This is why I'm hesitant about location - it is right on I-69; not close to any 'major' population centers, but there are (estimated) 38,000 people in the county. Now, if all those grocery stores closed their doors.. (but of course THAT'S not going to happen!).  I'm just saying - i might really try to be manifesting something more remote, to say the least. Still in da Great Lakes state, most likely 

http://justpiper.com/2010/12/urban-survival-food-shortage-riots/



> I never heard of a "mootttaa", I'm gonna have to google that.


 
Moootttaa = mota. Weed. Herbalz. 

Don't know much about transportability of tropical seeds, nor if they would (eventually?) grow in this climate. Might also have something to do with the fact that since it's so close to the equator (the tropics), their days and nights are more or less equal, without the mad bi-polarity of MI. I was born in the RIGHT FUKKIN' STATE!! YARRGGHHH! Not sure... most 'google' all of this, and get a horticulture degree in the meantime. 

Take care... whereabouts you stay at, or are you travelin'?

Namaste, Blessed Be,
~ melissA


----------



## Kim Chee (Jul 3, 2012)

I'm in SD right now.
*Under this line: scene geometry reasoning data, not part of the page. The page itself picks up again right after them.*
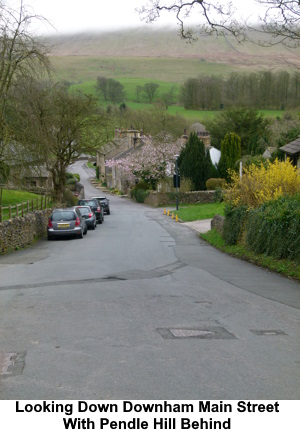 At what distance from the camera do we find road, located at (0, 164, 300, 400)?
5.63 metres

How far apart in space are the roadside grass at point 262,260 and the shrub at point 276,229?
22 cm

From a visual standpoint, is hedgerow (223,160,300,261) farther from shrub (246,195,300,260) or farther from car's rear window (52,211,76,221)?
car's rear window (52,211,76,221)

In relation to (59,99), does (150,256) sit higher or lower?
lower

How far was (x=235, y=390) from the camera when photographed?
17.9ft

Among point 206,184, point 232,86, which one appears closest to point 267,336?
point 206,184

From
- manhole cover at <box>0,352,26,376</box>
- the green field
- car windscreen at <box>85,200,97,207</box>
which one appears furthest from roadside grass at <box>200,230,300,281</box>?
the green field

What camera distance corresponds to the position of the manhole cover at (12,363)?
20.0 feet

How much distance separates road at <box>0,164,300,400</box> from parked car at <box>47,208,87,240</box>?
1020 centimetres

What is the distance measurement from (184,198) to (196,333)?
53782mm

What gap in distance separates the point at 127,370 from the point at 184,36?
9.69 m

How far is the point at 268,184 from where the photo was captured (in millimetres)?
19703

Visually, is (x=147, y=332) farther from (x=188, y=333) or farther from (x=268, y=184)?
(x=268, y=184)

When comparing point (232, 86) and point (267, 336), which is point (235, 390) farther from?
point (232, 86)

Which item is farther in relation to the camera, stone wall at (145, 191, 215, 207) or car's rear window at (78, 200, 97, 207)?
stone wall at (145, 191, 215, 207) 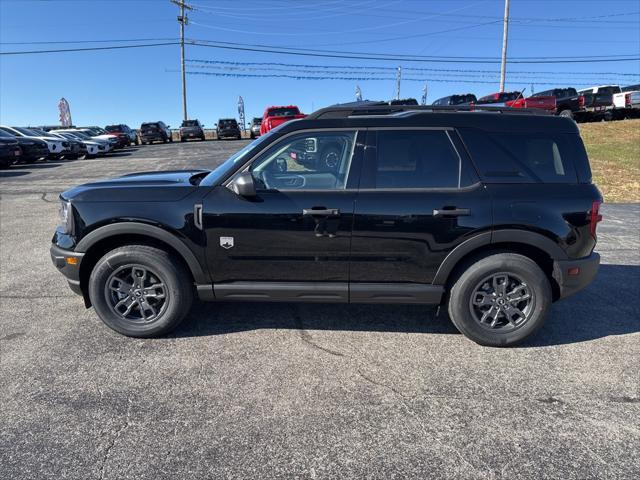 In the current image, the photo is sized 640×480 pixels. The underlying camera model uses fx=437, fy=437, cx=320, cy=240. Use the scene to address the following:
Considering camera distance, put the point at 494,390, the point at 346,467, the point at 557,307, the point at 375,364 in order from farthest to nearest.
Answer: the point at 557,307 → the point at 375,364 → the point at 494,390 → the point at 346,467

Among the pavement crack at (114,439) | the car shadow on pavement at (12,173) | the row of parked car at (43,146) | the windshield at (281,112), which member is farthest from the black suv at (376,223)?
the row of parked car at (43,146)

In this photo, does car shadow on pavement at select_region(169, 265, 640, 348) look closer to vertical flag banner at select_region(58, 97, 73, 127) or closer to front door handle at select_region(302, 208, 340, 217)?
front door handle at select_region(302, 208, 340, 217)

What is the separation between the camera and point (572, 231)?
3393 mm

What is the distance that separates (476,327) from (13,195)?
12.3m

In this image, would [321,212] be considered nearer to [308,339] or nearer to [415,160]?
[415,160]

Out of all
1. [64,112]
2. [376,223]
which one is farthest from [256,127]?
[376,223]

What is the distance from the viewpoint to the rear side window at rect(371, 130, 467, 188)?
3457 millimetres

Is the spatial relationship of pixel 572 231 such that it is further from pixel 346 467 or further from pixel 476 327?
pixel 346 467

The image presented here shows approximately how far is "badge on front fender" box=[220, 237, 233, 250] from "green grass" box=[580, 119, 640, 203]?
10.0 metres

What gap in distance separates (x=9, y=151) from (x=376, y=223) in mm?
19089

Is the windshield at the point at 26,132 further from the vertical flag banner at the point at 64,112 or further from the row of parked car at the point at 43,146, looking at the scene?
the vertical flag banner at the point at 64,112

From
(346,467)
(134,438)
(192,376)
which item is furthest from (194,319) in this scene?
(346,467)

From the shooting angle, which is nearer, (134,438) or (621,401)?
(134,438)

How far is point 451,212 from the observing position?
3.34m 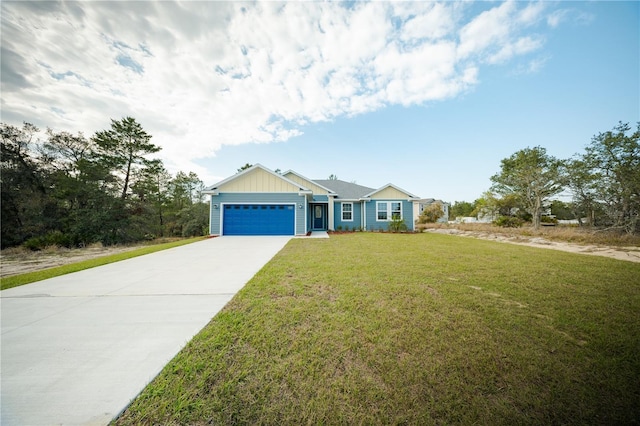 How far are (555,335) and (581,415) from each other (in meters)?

I'm not a full time traveler as you can see. I think it would be cool to kick it on some land and do some farming with the land owner not giving a hoot if I were there. I bet the winters there are harsh and that's enough to make it a seasonal thing as far as roughing it. If it were me, I'd at least have a nice shack in the woods with some firewood stacked not too far off and ponder the mysteries of life.


----------